*** Recorded information Section Begins ***

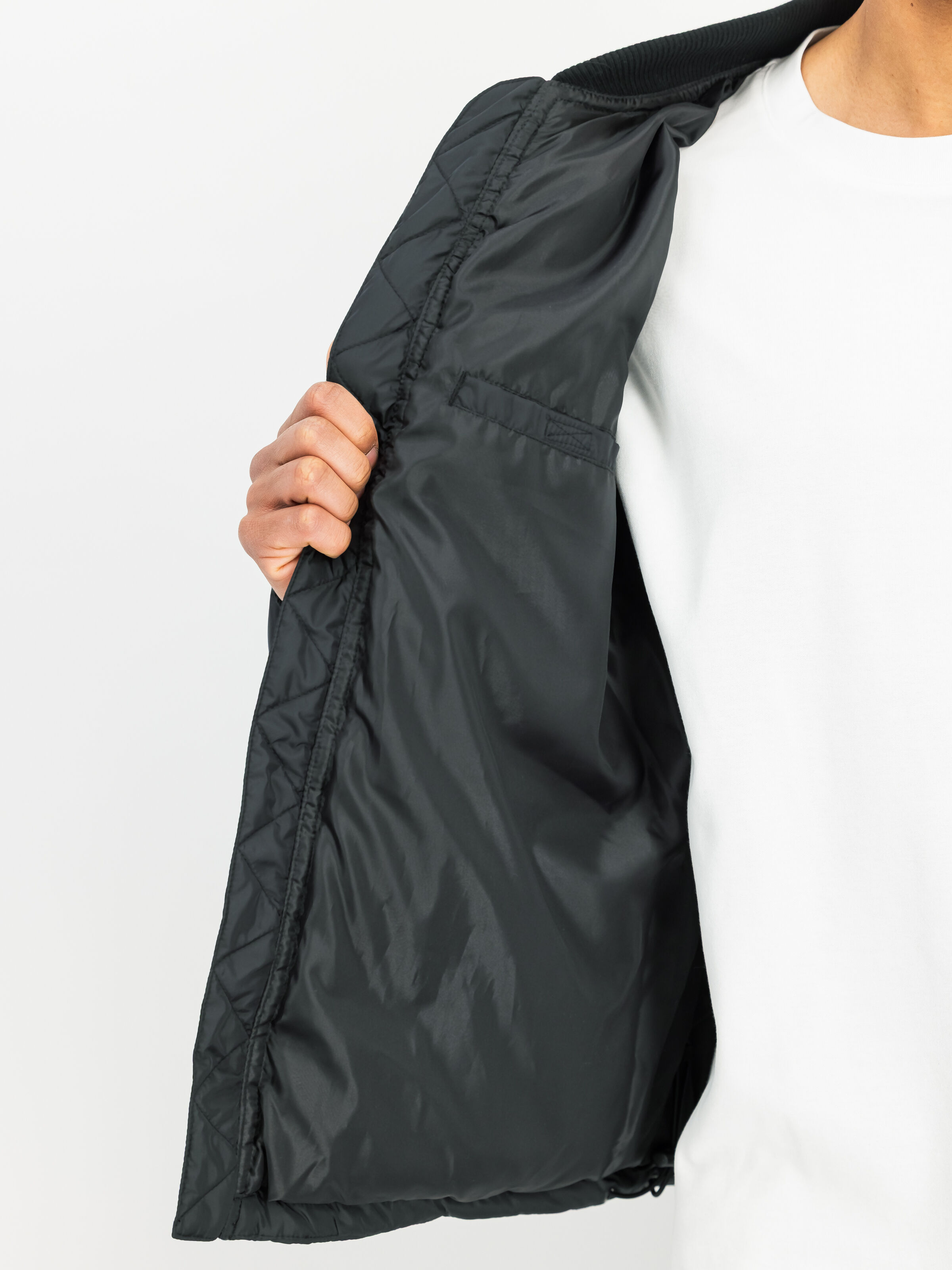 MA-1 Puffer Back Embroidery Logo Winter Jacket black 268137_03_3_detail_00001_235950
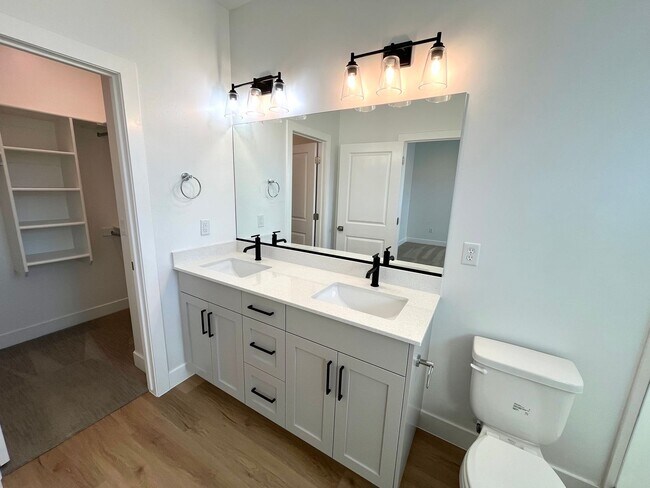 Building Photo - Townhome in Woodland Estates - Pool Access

*** Recorded information Section Ends ***
*** Recorded information Section Begins ***

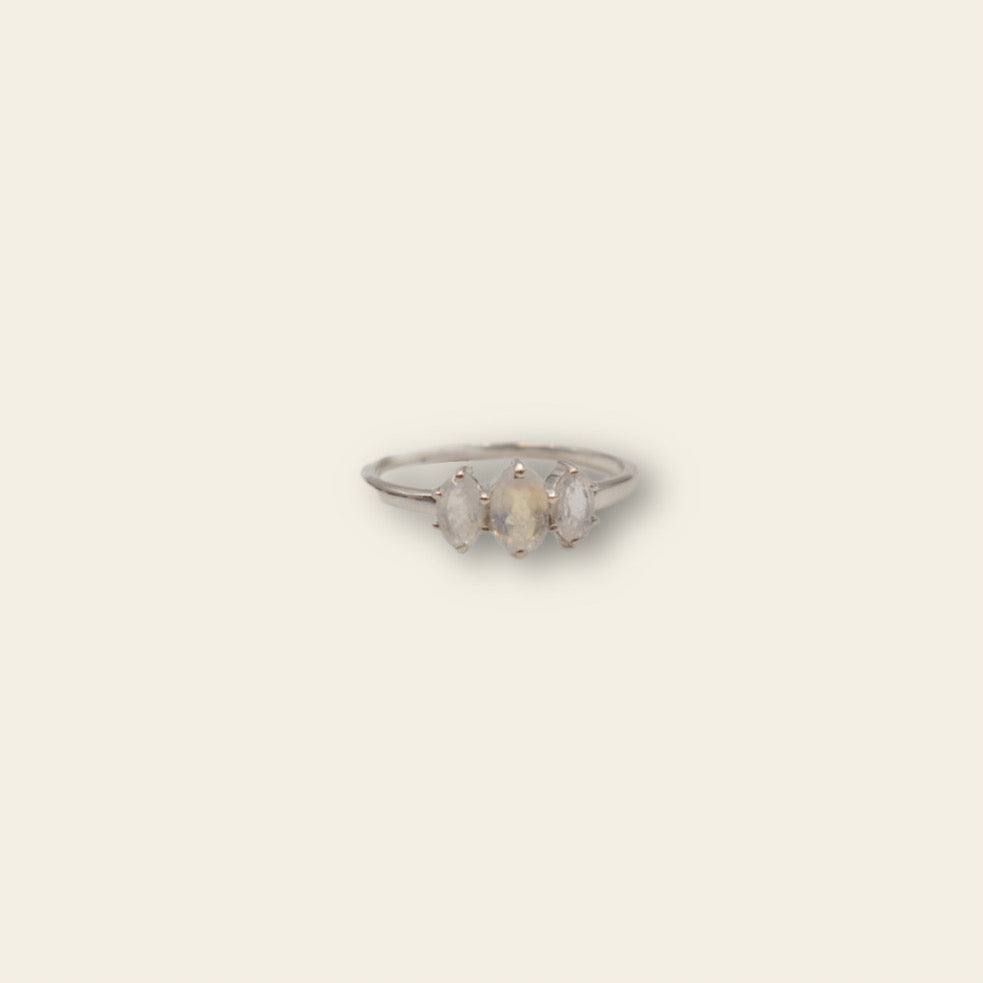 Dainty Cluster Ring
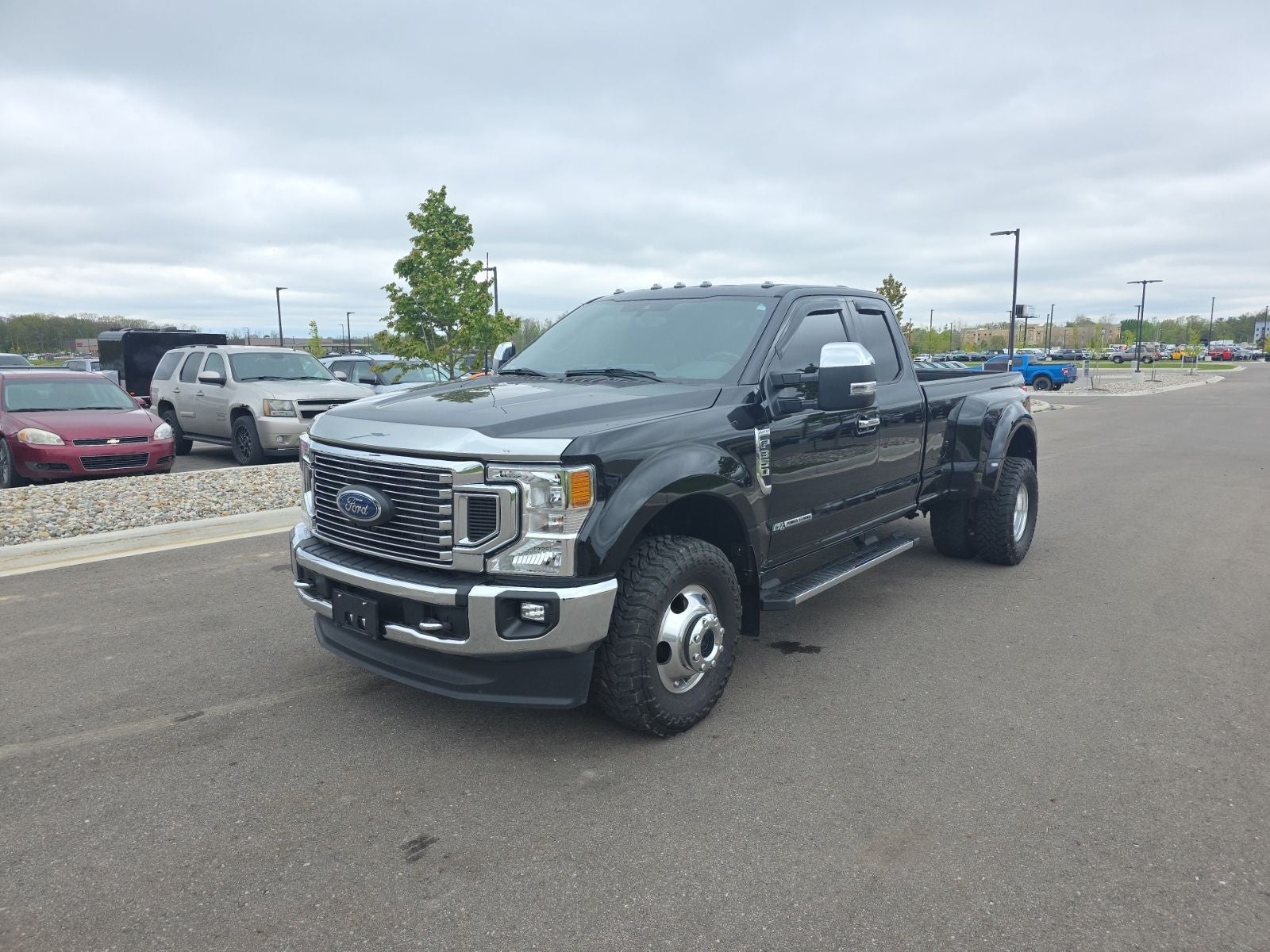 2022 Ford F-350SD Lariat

*** Recorded information Section Ends ***
*** Recorded information Section Begins ***

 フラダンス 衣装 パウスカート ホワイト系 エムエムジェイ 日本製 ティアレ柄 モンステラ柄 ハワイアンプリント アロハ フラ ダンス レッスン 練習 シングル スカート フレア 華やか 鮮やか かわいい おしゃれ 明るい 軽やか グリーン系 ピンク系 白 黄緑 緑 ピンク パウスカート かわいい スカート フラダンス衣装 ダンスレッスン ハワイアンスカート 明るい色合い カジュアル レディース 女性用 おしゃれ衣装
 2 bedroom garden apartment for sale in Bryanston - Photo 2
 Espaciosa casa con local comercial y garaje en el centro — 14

*** Recorded information Section Ends ***

Copy exactly the lines of the entries above from the one containing "MA-1 Puffer Back" through the one containing "Building Photo - Townhome". Both end lines count; pictures do not.

 MA-1 Puffer Back Embroidery Logo Winter Jacket black 268137_03_3_detail_00001_235950
 Building Photo - Townhome in Woodland Estates - Pool Access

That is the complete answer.